Exercise instructions >> Here is a listing, set out below; repeat its lines from the one with "Daiber JN 853" to the last, both included, and leave out the pictures.

Source data >>

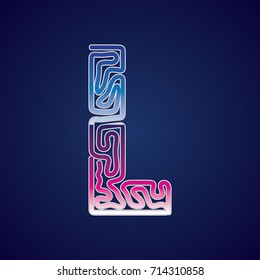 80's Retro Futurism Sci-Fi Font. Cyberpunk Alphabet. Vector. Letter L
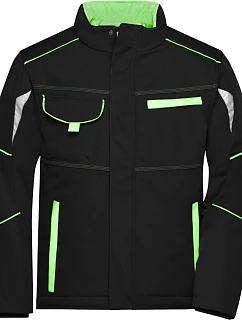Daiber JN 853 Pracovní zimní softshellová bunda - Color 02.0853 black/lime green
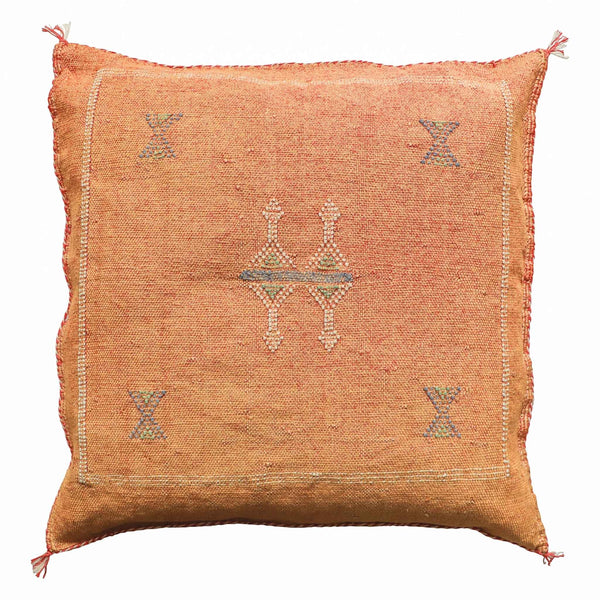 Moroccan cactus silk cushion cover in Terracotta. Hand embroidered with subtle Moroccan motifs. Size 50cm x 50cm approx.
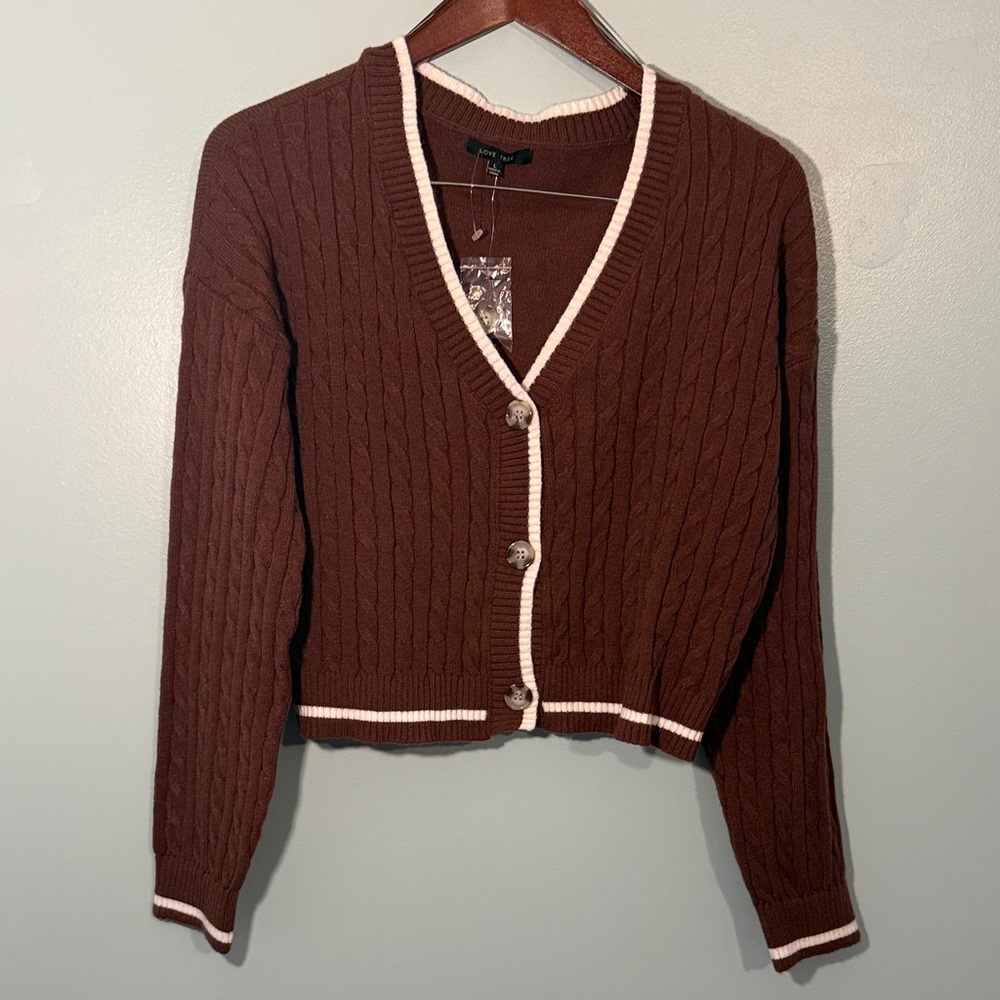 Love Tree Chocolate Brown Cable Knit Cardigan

Exercise solution >>
Daiber JN 853 Pracovní zimní softshellová bunda - Color 02.0853 black/lime green
 Moroccan cactus silk cushion cover in Terracotta. Hand embroidered with subtle Moroccan motifs. Size 50cm x 50cm approx.
 Love Tree Chocolate Brown Cable Knit Cardigan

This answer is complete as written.